__Your task__
The material below includes pictures; leave them out and return only the lines between the line containing "corel draw x5 como usarlo corel" and the line containing "洞見食機(jī),巨量引擎解碼食品飲料行業(yè)營銷秘籍", inclusive, word for word.

__Given data__
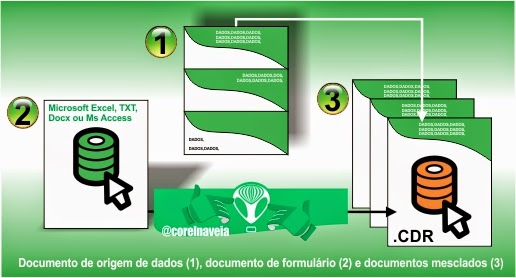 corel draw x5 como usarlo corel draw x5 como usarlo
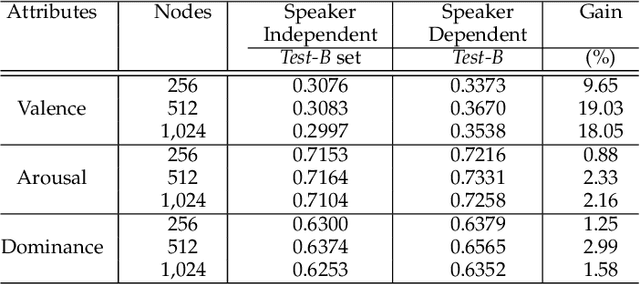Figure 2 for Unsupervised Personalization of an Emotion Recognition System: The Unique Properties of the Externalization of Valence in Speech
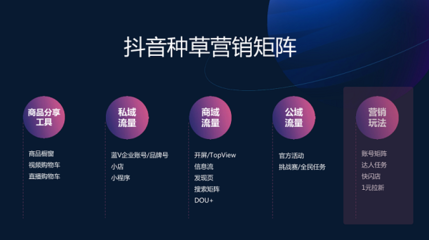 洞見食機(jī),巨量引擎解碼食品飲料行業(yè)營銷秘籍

---

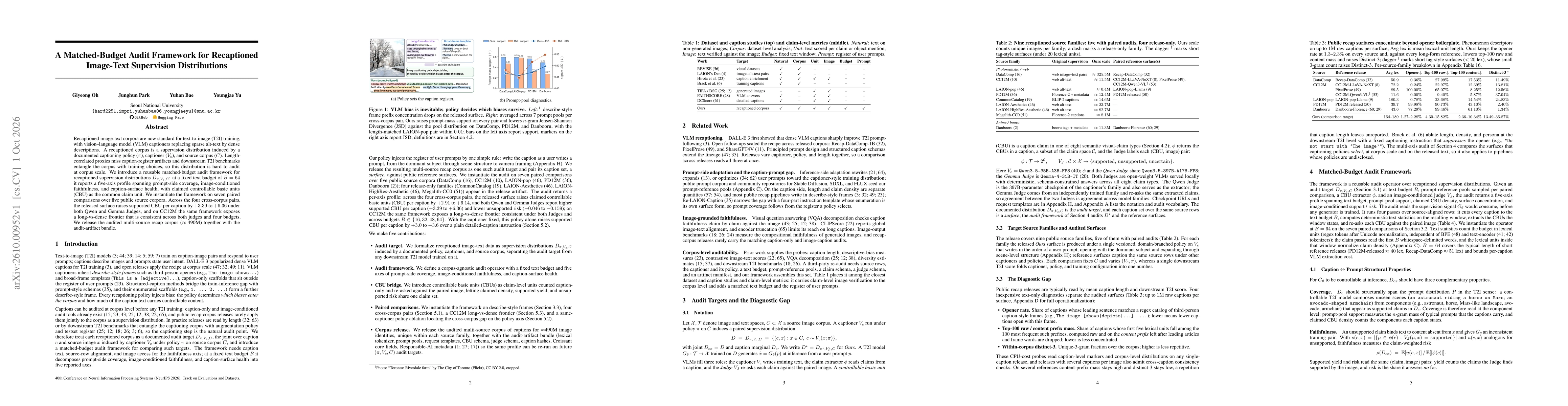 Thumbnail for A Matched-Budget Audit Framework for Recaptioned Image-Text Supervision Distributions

__Answer to this problem__
 corel draw x5 como usarlo corel draw x5 como usarlo
Figure 2 for Unsupervised Personalization of an Emotion Recognition System: The Unique Properties of the Externalization of Valence in Speech
 洞見食機(jī),巨量引擎解碼食品飲料行業(yè)營銷秘籍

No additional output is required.